From: brajesh.thakur@wipro.com
Date: Sat Aug 04 2007 - 08:29:13 ART
I believe the last two statements mean same thing, Anyone correct me if
my understanding is wrong.
Warm Regards,
Brajesh Thakur
________________________________
From: Toh Soon, Lim [mailto:tohsoon28@gmail.com]

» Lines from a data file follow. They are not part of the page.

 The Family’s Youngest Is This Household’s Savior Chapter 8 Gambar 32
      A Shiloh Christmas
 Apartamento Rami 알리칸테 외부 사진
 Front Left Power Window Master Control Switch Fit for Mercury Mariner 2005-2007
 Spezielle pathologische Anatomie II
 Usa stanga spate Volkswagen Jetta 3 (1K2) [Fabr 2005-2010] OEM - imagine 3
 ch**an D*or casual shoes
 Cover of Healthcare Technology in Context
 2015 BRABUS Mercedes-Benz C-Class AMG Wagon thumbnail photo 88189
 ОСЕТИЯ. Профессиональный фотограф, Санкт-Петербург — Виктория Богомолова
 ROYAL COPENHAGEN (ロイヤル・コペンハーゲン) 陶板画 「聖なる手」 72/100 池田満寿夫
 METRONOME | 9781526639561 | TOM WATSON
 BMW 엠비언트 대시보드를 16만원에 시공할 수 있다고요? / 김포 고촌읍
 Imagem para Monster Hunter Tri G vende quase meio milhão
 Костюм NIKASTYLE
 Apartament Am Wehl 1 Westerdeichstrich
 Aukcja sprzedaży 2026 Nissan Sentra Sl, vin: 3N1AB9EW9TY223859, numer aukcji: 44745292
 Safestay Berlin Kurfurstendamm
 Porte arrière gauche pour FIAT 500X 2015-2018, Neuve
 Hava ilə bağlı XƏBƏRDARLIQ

Sent: Saturday, August 04, 2007 4:30 PM
To: Brajesh Thakur (WI01 - Services)
Cc: ccielab@groupstudy.com
Subject: Re: "frame-relay map broadcast" command for spoke-to-spoke
Hi Brajesh,
I think I got what you mean. The following two configs of R4 should be
functionally equivalent, i.e. to enable broadcast on DLCI 402 without
sending redundant broadcast traffic :
!
int s 0/0
frame-relay map ip 10.10.10.2 402 broadcast
frame-relay map ip 10.10.10.5 402
!
Or
!
int s 0/0
frame-relay map ip 10.10.10.2 402
frame-relay map ip 10.10.10.5 402 broadcast
!
I still need further clarification about your statement "...you are just
sending double broadcast traffic towards hub router". Say R4 has more
than one frame map statements with the "broadcast" keyword and it runs
EIGRP over the FR interface. Is it gonna send two copies of whatever
EIGRP packets (destined to 224.0.0.10) towards R2?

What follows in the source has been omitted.